Letzten Schlaf schläft Albayaldos
Hier am Fuß der hohen Pinie;
Tapfrer war er als Reynaldos
Und der Held der Paladine.

Mars, der grimme Gott des Krieges,
Traf voll Neid den hohen Helden
Und zerriß die Bahn des Sieges.
Blutend lag er auf dem Felde.

Mehr vermochte nicht der Grimme. –
Ew'ger Ruhm wird ihn belohnen.
Ueberm hohen Sternenhimmel
wird der Held bei Helden wohnen.

Diese Grabschrift befestigte der edle Musa. an dem Stamme der Pinie über dem Grabe des guten Albayaldos. Nahm Panzerhemd und Helm und Turban und Federbusch, alles mit Silber ausgeziert, dazu den Schild und machte aus allem ein ehrenvolles Denkzeichen und in die Mitte steckte er den krummen Säbel und den Lanzenschaft und hing das Zeichen an einen Zweig der Pinie und befestigte darüber diese Inschrift:

Dieses Zeichen gilt dem edlen,
Tapfern Mauren Albayaldos.
Tapferster von allen tapfern
Helden von Granada war er.

Bittrer als am Grab des Griechen,
Den Homer besungen hat,
würde Alexander hier
Um den toten Mauren weinen.

Als der edle Musa besagtes Denkzeichen und Inschrift angebracht hatte, sah er, daß es hier nichts weiter zu tun gab, stieg auf sein Pferd, nahm das des Albayaldos am Zügel und machte sich auf den Weg nach Granada und haderte im Reiten mit dem Pferde des Albayaldos und sagte: Vorwärts, verwünscht seist du, schlechtes Pferd; Mahomet verfluche dich tausendmal, denn du warst schuld am Tode deines Herrn, denn wenn du nicht gestolpert und über die Lanze, die der Großmeister geworfen hatte, gefallen wärest, so wäre dein Herr nicht so schwer verwundet worden und weniger unheilvoll hätte der Kampf für ihn geendet.

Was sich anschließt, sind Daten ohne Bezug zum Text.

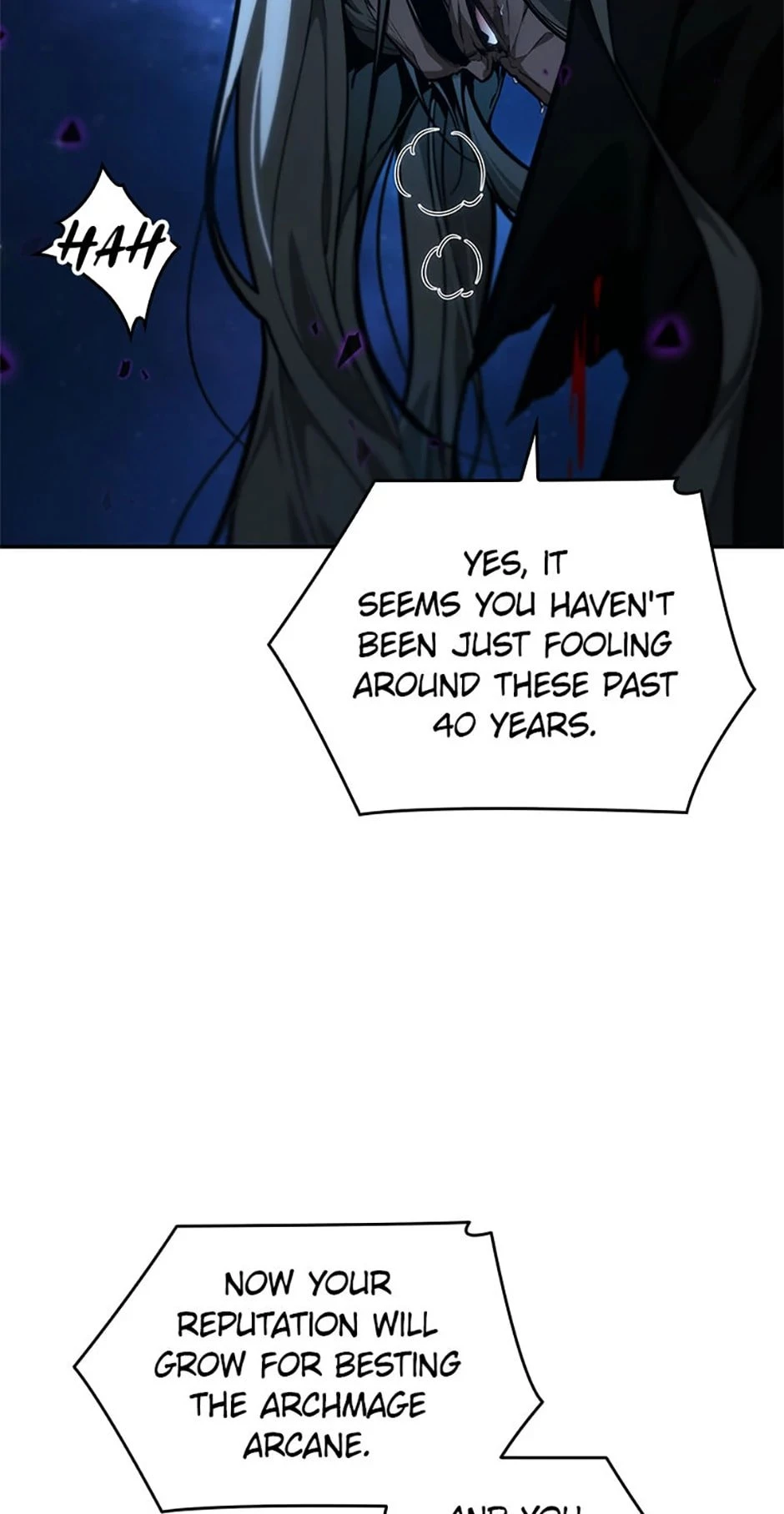 The Infinite Mage Chap 86 - Next Chap 87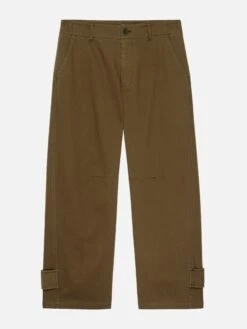The Twisted Trouser -- Forest Moss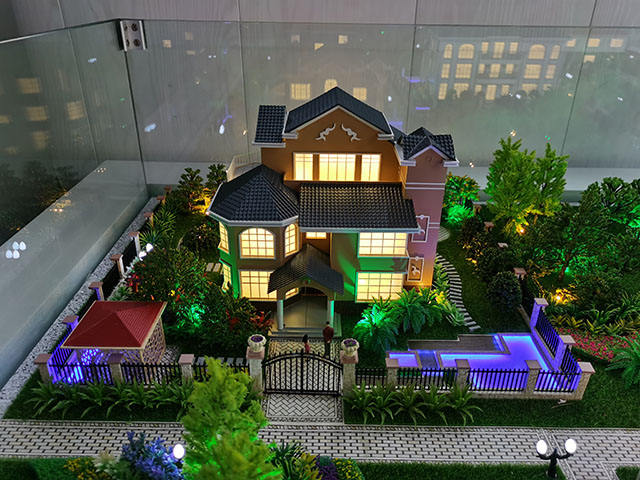 別墅模型制作公司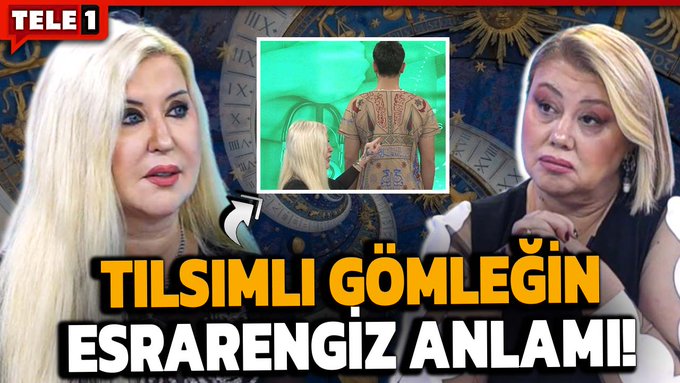 Kayyım sonrası sessizliğe bürünen TELE1, “tılsımlı gömlek” ve akupunktur paylaşımlarıyla döndü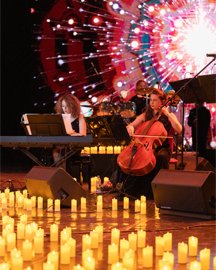 Orchestra of New Time: Великие саундтреки от Людовико Эйнауди до Marvel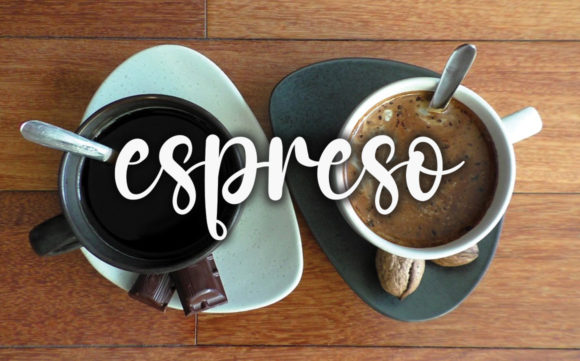 Black Latte Font - Preview 2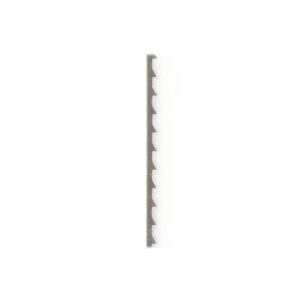WEN #3R Reverse-Tooth Pinless Scroll Saw Blades, 12-Pack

Und doch darf ich dich dessen nicht so sehr zeihen, denn es lag nicht in deinem Vermögen, und du hast getan, was du konntest. Es war vom Himmel vorgesehen, und kein Grund liegt vor mit dir zu zanken noch mit einem anderen als mit dem unerbittlichen Schicksal, welchem man in keiner Weise widerstehen kann. –

Sprach es und hatte noch keine drei Meilen zurückgelegt, als er zwei Ritter kommen sah, beide von edlem Wuchs. Es trug der eine einen gelben Rock und gelben Mantel und Turban und Federbusch von derselben Farbe; sein Schild war zur Hälfte gelb und blau, und unten in dem blauen Felde stand eine Sonne zwischen ein paar schwarzen Wolken und unter der Sonne ein Mond, welcher sie zu verdecken begann, mit einer Inschrift, die arabisch lautete:

Meine Sonne ist im Neigen;
Sicher einzig meine Qual,
Rastlos treibt's mich überall;
Und kein Wechsel will sich zeigen.

Die Lanze dieses Ritters war völlig gelb und gelb Decke und Schmuck des Pferdes und das Fähnchen der Lanze desgleichen. Und offenkundig zeigte der Ritter, daß er in Verzweiflung lebte und, in der Inschrift, ohne Hoffnung auf Besseres. Der andere Ritter trug einen maurischen Rock zur Hälfte rot und zur Hälfte grün, Mantel, Turban und Federbusch desgleichen, die Lanze grün mit roten Streifen und ihr Fähnchen grün und rot und Schmuck und Geschirr des Pferdes von denselben Farben und den Schild zur Hälfte rot und grün und in dem roten Felde eine Inschrift aus Gold in schön geschnittenen Buchstaben, welche lautete:

Mein Stern wird nie verdunkeln,
wird, wie mein Glück,
In jedem Augenblick
vom Himmel funkeln.

Unter dieser Inschrift aus Gold stand ebenfalls aus Gold ein großer Stern mit langen Strahlen, und wenn die Sonne in ihm sich spiegelte, blitzte er, daß es jeden blenden mußte, der ihn hätte anschauen wollen. Offenkundig gab dieser Ritter zu erkennen, daß er zufrieden und frohen Sinnes war, wie es die Farben seiner Kleider und des Wappens und die Inschrift auf dem Schilde zu verstehen gaben. Die Mäntel der beiden Ritter waren kostbarer Damast, und das Pferd des Ritters mit der Sonne ein hellkastanienbrauner Andalusier und schien sehr gut zu sein; das Pferd des Ritters mit dem Sterne ein Apfelschimmel und sehr kräftig und ebenfalls ein Andalusier. Die beiden kamen miteinander sprechend im guten Schritt heran. Und der wackere Musa betrachtete sie, um zu sehen, ob er sie erkennen könnte; war es aber nicht imstande, bis sie sehr nahe gekommen waren. Da erkannte er die beiden, nämlich in dem Ritter in gelb den edlen Keduan, und er trug sich solchermaßen, weil er sich von Lindaraxa, der Abencerragin, verschmäht wußte. Der andere in rot und grün war der mutige Gazul und trug sich so, weil Lindaraxa ihn liebte. Und es hatten sich die beiden heraus gefordert, um zu entscheiden, wem die schöne Dame zu eigen sein sollte. Musa aber verwunderte sich, sie hier zu sehen, und sie ihn, mit jenem zweiten Pferde am Halfter und ohne einen Knappen, der ihn begleitete.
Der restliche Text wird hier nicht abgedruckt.